If Trump’s aim Wednesday was to flesh out just how he intends to fulfill his campaign’s pledge to “Make America Great Again,” he fell short. Four of Trump’s seven short position papers posted on his website (dealing with the U.S.-Mexican wall, other immigration issues, veterans’ care and U.S.-China trade) are international in nature, although there are none dealing with the Pentagon or terrorism. He spoke at the capital’s Mayflower Hotel, after officials concluded the original site at the National Press Building lacked sufficient space for security, according to Paul Saunders, executive director of the Center for the National Interest, a right-leaning think tank that sponsored the event.
But the lack of concrete details left many foreign-policy types scratching their heads. “The ‘America First’ theme is two-edged,” said Andrew Bacevich, a retired Army colonel and military historian. “It will appeal to Trump’s base and to others disenchanted with recent U.S. foreign policy. But given its 1930s provenance, the phrase will open him up to the charge of being an isolationist.”
And Bacevich was being gentle. “It’s a crude, self-contradictory, blustering, historically ill-informed speech by a crude, self-contradictory, blustering, historically ill-informed guy,” says Eliot Cohen, a former top official at the Pentagon and State Department during Republican administrations who has made clear he will not vote for Trump if he is the GOP nominee.
Such geopolitical squabbles are nothing new in U.S. campaigns. “You worry about rhetoric on the campaign trail,” says James Clapper, the nation’s top spy as director of national intelligence. “I am struck with how simple things are on the campaign trail,” he told TIME on Monday, “and how those very same issues are very hard in the confines of the Situation Room.” The closer to the Oval Office candidates get, Clapper added, the more their views are tempered by the responsibility of the office.
Some of Trump’s criticisms seemed to hit home. He blasted the 2011 U.S.-led intervention in Libya, which has led to a failed state, and slow-motion wars in Afghanistan and Iraq that seem no closer to ending—and certainly not to U.S. success—than they did when they began more than a decade ago. He fired a broadside at the “red line” Obama warned Syria’s Bashar Assad not to cross by using chemical weapons in his civil war, and then backed down when Assad did just that in 2013. “Our friends and enemies must know that if I draw a line in the sand,” Trump said, “I will enforce that line in the sand.” Trump generated applause—one of 31 times during his speech—when he rapped Obama for how he has described the war on ISIS. “We’re in a war against radical Islam, but President Obama won’t even name the enemy,” he said. “Unless you name the enemy, you will never ever solve the problem.”
Military force, Trump said, isn’t at the top of his to-do list. “But if America fights,” he added, “it must only fight to win”—echoing what many U.S. military officers have been saying, largely in private, for years.

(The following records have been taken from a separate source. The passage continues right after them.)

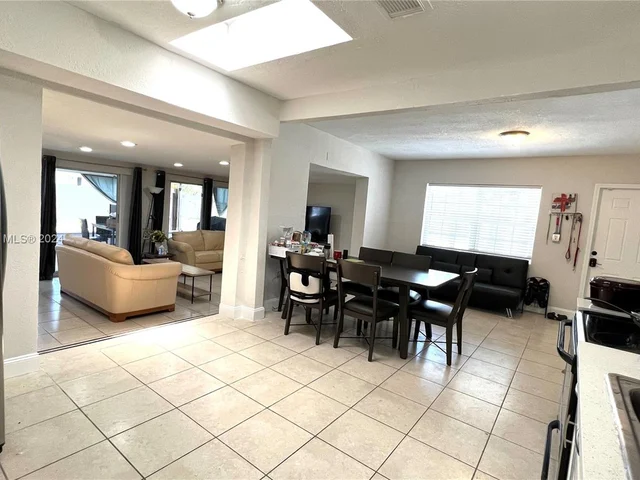 2206 SW 13th St, Fort Lauderdale FL 33312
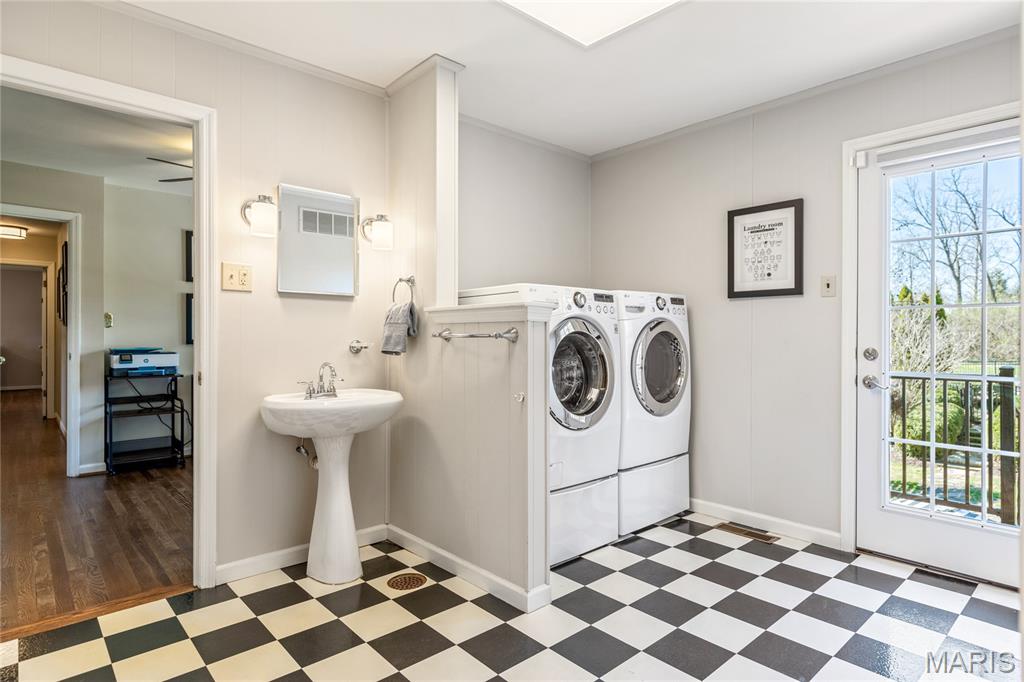 Westmoor Place - Residential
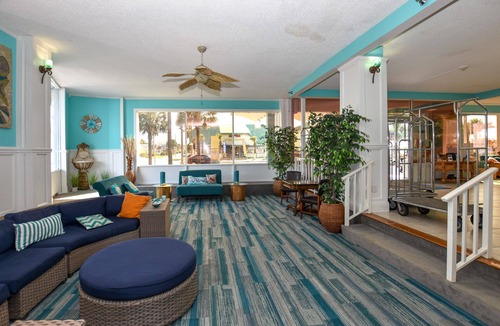 Rogers Seabreeze Resort | OCEAN VIEW SUITE WITH FULL KITCHEN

But he offered no specifics on how he would do that, or what would follow in such bloodied lands occupied by factions that have fought each other for centuries.
GOP national-security stalwarts have criticized Trump’s foreign-policy brain trust as inexperienced and small-bore, and no foreign-policy heavyweights were spotted among the scores of people attending his speech. That may give the GOP’s mainstream the belief they can dismiss him and his still-evolving ideas. But, in case you hadn’t noticed, that mainstream thinking brought the U.S. 9/11; a pair of inconclusive wars that have killed nearly 6,900 U.S. troops and cost at least $3 trillion; the rise of China and Russia, messes in Libya, Somalia and Yemen; and the scourge of terrorism. “It’s time to shake the rust off America’s foreign policy,” Trump said. “It’s time to invite new voices and new visions into the fold.”
Acknowledging the gravity of Wednesday’s speech—and the danger it could derail any chance Trump has to capture the White House—he relied on a teleprompter. “If you’re running for President,” he has said, “you shouldn’t be allowed to use a teleprompter.” But apparently if you’re a serious candidate—as Trump now most assuredly is—you’re free to ignore your own glib advice, when it comes to audio-visual aids as well as untenable foreign-policy pronouncements.